Kamis, 17 Mei 2012

Silent Crisis


Silent Crisis
Sunarsip ;  Ekonom The Indonesia Economic Intelligence (IEI)
SUMBER :  REPUBLIKA, 14 Mei 2012


Saya tidak bermaksud membuat khawatir dengan menggunakan istilah silent crisis (krisis diam-diam) dalam tulisan ini. Melalui tulisan ini, saya ingin menyampaikan beberapa fakta bahwa Indonesia saat ini berpotensi sedang menghadapi silent crisis, terutama disebabkan oleh faktor eksternal dan internal. Oleh karena itu, saya berpendapat bahwa otoritas ekonomi perlu mencermati kemungkinan ini dengan mengambil langkah-langkah penting untuk mengantisipasi agar silent crisis ini tidak berkembang menjadi krisis yang lebih luas. Bagaimana penjelasan mengenai silent crisis ini?

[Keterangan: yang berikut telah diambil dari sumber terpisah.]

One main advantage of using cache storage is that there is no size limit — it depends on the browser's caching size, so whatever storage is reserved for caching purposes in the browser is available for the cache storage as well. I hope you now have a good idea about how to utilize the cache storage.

Seperti yang pernah saya kemukakan sebelumnya (12 Desember 2011), penyelesaian krisis Eropa memang tidak mudah. Kompleksitas yang dihadapi setiap negara Eropa jelas tidak bisa diselesaikan dengan resep “standar” ala IMF: kebijakan uang ketat (tight money policy), seperti yang pernah dipraktikkan Indonesia pada 1998-1999 lalu. Pada Desember 2011 lalu, Uni Eropa bersepakat mem-bail out negara-negara Eropa yang terkena krisis melalui IMF.

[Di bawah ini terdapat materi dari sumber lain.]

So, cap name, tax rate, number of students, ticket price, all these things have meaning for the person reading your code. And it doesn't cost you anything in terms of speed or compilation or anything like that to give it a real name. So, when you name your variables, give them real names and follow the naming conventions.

IMF kemudian meminta negara-negara Eropa yang terkena krisis melakukan pengetatan fiskal sebagai syarat kucurnya bail out. Ternyata, pengetatan fiskal ini ditentang para politikus dan rakyat dari masingmasing negara Eropa yang terkena krisis, seperti yang terjadi di Yunani, karena khawatir dampaknya bagi kesejahteraan rakyat.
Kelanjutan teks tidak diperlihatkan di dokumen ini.